Archive for the ‘Transportation’ Tag

Transportation Puns   Leave a comment

  1. A helicopter transporting a woodman is a chopper.
  2. The cosmonaut looked into a Mir-ror and saw his reflection.
  3. If I were to ask an insane train engineer about his reasons, I would seek a locomotive.  But I would not railroad him.

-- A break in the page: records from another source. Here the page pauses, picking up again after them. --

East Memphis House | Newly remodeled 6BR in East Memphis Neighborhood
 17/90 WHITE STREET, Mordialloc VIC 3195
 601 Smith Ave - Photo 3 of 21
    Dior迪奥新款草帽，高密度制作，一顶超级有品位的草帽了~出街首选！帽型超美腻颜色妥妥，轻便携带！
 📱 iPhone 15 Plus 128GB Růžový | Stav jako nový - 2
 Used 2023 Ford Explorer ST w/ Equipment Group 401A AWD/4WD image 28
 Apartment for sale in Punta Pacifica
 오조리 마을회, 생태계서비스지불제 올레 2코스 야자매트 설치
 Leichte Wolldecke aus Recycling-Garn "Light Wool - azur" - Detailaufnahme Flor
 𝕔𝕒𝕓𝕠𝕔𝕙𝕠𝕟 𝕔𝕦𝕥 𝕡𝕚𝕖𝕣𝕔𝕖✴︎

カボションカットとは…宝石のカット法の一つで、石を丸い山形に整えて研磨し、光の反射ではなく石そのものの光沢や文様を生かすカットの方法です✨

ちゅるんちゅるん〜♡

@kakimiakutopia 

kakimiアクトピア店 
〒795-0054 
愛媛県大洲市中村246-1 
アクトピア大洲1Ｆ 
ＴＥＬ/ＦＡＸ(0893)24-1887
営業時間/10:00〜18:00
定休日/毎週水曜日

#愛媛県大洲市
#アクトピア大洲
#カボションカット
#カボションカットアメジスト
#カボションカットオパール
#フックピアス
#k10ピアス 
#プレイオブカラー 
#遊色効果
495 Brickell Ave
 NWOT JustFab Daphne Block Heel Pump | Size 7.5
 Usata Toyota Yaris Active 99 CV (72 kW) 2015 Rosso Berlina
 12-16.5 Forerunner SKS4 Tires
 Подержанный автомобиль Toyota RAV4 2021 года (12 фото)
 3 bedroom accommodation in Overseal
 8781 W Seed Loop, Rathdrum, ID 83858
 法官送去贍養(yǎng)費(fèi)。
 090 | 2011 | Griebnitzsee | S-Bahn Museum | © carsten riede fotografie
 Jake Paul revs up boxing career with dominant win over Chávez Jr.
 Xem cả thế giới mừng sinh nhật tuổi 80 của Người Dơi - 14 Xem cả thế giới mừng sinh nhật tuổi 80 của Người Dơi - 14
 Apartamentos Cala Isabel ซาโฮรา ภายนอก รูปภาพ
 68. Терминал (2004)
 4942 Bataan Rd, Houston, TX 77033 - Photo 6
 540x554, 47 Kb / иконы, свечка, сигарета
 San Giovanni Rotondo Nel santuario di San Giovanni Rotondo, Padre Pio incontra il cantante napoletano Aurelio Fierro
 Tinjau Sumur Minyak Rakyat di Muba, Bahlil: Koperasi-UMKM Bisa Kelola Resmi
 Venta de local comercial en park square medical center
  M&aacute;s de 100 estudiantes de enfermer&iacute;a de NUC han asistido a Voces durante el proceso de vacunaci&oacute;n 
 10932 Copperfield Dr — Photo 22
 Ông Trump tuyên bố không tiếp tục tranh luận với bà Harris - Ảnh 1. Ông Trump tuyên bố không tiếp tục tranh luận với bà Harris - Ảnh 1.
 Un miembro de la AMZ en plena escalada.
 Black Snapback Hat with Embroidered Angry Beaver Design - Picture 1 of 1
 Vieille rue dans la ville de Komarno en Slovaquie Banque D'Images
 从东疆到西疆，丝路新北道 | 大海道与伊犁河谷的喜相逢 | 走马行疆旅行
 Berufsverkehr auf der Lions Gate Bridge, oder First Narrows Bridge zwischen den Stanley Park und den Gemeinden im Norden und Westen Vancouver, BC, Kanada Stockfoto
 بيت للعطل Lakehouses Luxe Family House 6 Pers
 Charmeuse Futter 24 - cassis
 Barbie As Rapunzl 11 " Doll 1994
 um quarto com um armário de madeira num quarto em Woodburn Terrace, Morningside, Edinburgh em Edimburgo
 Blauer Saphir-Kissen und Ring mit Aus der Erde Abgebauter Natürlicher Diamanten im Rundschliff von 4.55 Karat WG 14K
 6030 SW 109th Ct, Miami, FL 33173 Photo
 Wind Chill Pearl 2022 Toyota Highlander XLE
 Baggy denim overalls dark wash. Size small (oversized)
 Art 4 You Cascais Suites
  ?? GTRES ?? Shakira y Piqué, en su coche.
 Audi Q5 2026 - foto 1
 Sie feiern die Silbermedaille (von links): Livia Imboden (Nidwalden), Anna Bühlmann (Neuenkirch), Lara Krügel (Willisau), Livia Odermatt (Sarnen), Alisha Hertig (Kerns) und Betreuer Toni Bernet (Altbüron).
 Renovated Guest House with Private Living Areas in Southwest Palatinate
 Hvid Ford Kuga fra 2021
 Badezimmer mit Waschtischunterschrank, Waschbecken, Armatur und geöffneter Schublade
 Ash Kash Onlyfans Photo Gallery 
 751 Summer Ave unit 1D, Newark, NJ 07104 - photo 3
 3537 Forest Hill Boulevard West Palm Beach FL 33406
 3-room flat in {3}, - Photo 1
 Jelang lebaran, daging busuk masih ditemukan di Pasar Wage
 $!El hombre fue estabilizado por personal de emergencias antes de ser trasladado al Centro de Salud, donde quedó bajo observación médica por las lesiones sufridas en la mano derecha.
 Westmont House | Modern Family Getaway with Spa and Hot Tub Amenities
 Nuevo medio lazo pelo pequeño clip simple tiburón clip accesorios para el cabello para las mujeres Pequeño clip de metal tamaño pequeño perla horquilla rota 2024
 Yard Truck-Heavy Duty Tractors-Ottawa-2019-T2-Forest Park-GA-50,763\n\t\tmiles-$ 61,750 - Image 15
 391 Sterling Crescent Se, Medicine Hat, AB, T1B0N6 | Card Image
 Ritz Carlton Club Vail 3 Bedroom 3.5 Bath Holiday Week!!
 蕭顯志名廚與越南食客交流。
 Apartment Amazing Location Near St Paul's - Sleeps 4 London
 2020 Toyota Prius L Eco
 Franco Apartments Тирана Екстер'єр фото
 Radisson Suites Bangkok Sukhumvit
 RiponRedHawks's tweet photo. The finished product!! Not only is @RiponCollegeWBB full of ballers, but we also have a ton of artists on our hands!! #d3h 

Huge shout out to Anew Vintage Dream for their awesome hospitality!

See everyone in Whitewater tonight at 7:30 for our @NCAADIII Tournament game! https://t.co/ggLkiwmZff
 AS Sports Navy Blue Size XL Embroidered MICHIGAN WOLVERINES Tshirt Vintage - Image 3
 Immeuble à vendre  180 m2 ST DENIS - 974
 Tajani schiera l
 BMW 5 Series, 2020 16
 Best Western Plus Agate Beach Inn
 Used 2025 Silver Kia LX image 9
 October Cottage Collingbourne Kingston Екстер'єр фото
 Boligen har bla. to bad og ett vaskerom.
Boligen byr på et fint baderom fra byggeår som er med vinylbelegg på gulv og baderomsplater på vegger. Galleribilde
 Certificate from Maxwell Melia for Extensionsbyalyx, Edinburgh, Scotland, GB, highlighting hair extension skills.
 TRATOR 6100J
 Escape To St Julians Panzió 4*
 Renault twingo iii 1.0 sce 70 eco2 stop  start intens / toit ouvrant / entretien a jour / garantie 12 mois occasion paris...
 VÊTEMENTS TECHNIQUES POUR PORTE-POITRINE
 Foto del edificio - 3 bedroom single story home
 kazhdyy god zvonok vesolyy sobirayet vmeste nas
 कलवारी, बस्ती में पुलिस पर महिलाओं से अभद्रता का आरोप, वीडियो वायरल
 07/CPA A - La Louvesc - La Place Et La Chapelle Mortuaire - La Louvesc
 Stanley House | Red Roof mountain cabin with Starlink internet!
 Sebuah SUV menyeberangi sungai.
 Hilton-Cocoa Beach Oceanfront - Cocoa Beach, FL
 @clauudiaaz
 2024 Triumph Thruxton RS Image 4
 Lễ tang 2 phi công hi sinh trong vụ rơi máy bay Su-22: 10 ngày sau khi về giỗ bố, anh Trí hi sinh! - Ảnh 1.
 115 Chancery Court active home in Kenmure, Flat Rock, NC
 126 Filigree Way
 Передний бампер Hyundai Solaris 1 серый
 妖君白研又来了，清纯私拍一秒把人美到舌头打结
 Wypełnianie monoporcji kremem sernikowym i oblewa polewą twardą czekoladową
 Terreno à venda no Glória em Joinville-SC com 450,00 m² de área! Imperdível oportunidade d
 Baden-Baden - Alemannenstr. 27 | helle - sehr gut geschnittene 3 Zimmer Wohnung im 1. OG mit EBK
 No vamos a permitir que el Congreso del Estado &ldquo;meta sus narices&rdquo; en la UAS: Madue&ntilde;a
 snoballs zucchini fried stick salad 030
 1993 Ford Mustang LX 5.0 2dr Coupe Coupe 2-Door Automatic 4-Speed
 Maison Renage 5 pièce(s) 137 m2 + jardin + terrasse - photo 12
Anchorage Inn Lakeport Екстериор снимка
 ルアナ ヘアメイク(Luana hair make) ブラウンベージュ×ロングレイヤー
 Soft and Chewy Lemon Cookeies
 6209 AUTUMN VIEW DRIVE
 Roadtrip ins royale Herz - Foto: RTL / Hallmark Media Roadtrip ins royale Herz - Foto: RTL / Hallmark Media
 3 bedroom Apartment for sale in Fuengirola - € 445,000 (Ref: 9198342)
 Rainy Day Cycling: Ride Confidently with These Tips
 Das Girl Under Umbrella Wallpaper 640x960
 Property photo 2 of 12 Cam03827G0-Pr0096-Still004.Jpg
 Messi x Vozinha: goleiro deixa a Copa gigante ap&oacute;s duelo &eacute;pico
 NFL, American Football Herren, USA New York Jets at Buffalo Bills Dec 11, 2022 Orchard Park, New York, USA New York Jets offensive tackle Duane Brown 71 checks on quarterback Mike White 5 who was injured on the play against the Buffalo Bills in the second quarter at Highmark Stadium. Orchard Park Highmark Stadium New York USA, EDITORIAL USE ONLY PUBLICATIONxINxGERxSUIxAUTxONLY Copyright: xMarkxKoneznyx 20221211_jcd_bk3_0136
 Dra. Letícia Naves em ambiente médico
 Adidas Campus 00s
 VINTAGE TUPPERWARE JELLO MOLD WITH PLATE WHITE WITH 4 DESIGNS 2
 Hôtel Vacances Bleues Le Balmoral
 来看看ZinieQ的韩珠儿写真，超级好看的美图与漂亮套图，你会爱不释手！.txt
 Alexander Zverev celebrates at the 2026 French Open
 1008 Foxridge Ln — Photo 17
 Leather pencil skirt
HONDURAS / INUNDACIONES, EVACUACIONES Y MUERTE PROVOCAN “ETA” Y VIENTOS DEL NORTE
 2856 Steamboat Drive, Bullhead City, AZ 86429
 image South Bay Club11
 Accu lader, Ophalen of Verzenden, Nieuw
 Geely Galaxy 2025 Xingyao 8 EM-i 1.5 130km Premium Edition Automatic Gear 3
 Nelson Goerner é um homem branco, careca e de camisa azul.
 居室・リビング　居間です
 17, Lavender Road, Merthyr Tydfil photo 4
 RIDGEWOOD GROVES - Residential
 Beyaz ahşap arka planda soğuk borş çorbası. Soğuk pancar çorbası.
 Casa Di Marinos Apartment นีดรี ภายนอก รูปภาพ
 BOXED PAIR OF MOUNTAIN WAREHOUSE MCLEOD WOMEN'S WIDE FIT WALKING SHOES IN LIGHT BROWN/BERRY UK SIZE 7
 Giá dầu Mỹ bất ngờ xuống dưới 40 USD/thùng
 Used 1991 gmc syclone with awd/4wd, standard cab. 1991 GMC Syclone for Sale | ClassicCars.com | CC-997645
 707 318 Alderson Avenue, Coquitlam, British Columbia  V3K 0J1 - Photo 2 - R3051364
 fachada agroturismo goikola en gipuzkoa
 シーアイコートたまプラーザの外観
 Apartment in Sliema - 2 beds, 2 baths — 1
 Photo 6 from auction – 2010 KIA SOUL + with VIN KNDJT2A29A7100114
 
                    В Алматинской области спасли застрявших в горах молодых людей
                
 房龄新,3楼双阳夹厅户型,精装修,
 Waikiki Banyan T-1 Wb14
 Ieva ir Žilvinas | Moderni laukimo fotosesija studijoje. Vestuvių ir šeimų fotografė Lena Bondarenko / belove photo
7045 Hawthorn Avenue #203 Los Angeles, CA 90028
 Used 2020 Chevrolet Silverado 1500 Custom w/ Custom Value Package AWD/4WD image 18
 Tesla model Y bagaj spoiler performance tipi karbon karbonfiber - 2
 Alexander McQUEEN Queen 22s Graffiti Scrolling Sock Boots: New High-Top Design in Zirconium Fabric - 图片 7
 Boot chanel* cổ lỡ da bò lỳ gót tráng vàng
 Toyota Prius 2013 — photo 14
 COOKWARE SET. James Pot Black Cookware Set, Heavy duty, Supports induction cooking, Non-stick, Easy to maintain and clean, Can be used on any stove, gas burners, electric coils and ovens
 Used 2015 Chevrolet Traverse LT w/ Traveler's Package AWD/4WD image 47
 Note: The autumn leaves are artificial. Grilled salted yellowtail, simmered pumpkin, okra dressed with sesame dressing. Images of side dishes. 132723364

Science Fiction Puns   3 comments

  1. One must have a warped sense of humor to crack a joke about a starship’s nacelles.
  2. Is a man who brawls while wearing a cravat a tie fighter?  Did I force this pun?
  3. Was Percy Montana predestined to be on the Tulip?
  4. It would behoove you to watch more Doctor Who and therefore be more enterprising.  You might even decide to embark on a great trek.  That would certainly be the logical decision.
  5. A Jedi knight who conducts music is Obi-Wand Kenobi.
  6. Every seven years a Vulcan must travel a great distance to tell double entendres.  This is the pun farr.
  7. Watching old episodes of Doctor Who makes me crave cereals.
  8. Is a picture of Mira Furlan a Mira image?
  9. Is a drink favored by a Ferengi junior officer in Starfleet egg nog?
  10. If H. G. Wells had written a novel about herbs, might he have called it The Thyme Machine?

Bicycle Puns   Leave a comment

  1. “I don’t have a bicycle,” she spoke.
  2. Is using a bicycle again recycling?  And, if I tell this joke prematurely in the State of Washington, have I Spokane too soon?
  3. The person who said something inaccurate about bicycle wheels misspoke.

Nautical Puns   Leave a comment

  1. I had fleeting concerns about ships.
  2. Do not bow to the demands of the stern ship captain.
  3. The inexpensive sailboat was on sail.
  4. A sailor off whom a funny seaman bounces off jokes is a strait man.
  5. A game played on a yacht is yahtzee.
  6. The soprano who took a cruise had no difficulty hitting the high seas.
  7. The two German u-boats that became one u-boat submerged.
  8. The submariner who read scripture aloud was glad the submarine had a pericope.

Automotive Puns   2 comments

  1. A Norwegian car comes from the Fjord Motor Company.
  2. I never tire of using the idiom, “That’s when the rubber meets the road.”  Am I paving the way for a promising future as a punster?
  3. The bridge engineer with ADHD had an insufficient attention span.
  4. I never tire of saying, “That’s when the rubber meets the road.”  (Does that joke drive you crazy?)
  5. It is difficult to remain neutral regarding automobiles.
  6. Is a mechanic’s wardrobe his attire?  (I just had to get around to that joke.  And I pun where angels fear to tread.)